##### GIVEN RECORDS
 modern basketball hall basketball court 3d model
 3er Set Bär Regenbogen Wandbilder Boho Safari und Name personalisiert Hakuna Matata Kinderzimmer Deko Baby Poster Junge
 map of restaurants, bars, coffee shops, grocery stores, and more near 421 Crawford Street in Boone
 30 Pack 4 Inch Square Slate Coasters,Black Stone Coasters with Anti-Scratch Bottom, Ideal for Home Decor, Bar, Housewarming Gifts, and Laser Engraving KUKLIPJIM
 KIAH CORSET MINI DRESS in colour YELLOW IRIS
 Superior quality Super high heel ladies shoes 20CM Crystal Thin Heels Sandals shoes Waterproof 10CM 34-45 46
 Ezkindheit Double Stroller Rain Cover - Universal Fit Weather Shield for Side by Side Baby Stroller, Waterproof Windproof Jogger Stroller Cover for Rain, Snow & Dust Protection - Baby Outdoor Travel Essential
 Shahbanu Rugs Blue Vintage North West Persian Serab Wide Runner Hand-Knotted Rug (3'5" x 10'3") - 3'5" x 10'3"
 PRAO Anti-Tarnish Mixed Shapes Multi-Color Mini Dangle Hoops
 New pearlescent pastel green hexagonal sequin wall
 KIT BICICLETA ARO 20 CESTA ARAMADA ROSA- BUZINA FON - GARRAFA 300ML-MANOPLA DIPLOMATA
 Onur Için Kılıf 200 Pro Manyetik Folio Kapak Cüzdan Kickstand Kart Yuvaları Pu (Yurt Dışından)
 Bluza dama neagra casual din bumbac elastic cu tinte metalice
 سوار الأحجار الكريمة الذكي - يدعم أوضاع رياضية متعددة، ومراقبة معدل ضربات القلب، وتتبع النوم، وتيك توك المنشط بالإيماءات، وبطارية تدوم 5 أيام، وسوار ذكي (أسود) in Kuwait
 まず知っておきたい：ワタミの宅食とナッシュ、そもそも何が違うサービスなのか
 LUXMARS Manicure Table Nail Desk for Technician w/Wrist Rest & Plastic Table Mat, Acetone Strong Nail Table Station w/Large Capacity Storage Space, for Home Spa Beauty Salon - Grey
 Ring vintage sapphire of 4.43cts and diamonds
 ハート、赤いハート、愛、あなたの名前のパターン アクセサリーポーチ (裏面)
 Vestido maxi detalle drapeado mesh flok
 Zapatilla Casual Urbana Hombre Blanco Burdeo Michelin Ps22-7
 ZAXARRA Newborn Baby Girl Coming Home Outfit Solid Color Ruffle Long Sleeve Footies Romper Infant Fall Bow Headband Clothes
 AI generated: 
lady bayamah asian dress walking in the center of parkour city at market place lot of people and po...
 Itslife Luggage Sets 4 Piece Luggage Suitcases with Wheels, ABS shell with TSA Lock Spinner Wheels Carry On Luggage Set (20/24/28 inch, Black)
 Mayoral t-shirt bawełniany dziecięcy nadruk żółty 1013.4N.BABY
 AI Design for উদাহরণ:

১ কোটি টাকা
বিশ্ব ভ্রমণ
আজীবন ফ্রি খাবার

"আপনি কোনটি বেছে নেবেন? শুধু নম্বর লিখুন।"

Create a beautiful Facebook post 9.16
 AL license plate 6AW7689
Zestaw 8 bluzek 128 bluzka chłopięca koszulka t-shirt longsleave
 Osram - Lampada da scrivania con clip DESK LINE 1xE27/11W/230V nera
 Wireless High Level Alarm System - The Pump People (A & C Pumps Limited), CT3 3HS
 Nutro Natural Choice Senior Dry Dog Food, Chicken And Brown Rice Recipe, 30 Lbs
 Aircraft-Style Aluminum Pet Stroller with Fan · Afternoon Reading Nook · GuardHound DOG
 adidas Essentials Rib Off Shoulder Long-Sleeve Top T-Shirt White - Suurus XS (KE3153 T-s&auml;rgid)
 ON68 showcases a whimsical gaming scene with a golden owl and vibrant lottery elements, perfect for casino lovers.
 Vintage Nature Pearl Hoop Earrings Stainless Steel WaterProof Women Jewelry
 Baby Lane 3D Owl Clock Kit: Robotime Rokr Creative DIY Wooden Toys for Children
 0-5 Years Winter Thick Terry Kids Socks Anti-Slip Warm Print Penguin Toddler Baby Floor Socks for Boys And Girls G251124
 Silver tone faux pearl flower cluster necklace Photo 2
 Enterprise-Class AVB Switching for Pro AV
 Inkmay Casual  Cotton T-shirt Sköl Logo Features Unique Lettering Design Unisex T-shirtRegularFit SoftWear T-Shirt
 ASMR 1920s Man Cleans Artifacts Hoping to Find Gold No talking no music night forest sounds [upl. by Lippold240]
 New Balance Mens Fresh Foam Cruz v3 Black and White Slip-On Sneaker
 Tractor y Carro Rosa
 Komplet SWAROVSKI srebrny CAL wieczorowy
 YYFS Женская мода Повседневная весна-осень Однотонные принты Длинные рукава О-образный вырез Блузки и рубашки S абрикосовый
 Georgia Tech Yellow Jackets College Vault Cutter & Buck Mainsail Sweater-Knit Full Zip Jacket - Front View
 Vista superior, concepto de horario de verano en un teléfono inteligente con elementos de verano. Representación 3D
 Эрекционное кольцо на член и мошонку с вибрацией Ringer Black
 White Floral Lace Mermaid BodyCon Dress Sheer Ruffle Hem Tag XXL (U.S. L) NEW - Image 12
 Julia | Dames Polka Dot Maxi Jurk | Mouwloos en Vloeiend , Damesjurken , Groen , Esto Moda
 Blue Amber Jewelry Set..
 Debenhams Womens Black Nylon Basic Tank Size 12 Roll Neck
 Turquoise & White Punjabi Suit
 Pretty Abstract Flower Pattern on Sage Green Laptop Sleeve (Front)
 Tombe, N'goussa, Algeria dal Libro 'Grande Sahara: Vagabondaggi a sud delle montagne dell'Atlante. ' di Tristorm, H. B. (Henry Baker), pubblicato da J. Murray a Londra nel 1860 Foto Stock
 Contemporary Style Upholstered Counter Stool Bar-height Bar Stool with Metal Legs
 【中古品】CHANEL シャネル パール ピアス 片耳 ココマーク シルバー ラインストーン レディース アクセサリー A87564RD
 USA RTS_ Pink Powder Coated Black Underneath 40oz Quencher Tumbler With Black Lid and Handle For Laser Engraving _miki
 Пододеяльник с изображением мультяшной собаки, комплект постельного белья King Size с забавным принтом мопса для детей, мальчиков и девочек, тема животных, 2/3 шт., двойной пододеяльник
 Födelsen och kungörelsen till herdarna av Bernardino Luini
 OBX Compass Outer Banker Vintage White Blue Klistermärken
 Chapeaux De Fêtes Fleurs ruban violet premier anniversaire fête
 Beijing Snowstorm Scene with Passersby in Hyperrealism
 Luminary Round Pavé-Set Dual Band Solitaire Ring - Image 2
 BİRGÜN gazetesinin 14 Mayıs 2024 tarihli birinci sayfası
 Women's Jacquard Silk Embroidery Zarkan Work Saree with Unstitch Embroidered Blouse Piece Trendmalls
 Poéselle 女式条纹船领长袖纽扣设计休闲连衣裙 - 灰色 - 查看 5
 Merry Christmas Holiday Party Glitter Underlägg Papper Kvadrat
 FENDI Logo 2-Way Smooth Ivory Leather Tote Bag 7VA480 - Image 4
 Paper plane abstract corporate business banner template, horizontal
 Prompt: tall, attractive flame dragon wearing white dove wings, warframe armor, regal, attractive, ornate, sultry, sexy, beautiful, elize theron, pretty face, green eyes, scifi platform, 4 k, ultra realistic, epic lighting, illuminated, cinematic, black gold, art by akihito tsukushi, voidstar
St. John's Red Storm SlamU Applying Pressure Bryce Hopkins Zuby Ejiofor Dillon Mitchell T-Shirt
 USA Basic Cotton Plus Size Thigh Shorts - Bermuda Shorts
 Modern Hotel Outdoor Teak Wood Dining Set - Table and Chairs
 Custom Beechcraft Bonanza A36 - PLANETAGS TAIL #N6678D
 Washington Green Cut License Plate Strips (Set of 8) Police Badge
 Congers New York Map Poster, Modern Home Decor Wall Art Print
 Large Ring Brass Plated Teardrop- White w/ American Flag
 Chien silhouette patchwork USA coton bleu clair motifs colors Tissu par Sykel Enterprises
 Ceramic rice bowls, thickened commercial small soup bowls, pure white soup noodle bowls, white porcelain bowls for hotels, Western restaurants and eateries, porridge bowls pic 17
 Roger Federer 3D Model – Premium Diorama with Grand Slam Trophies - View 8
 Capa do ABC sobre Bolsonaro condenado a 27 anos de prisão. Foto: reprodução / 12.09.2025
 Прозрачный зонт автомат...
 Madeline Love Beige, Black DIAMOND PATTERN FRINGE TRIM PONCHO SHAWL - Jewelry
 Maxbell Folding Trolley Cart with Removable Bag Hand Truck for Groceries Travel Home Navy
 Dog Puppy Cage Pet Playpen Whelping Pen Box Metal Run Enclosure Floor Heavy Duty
##########
> _WHAT TO DO_: Determine how many lines above hold the word "Cotton", then give only that number.

> _EXERCISE OUTPUT_: 2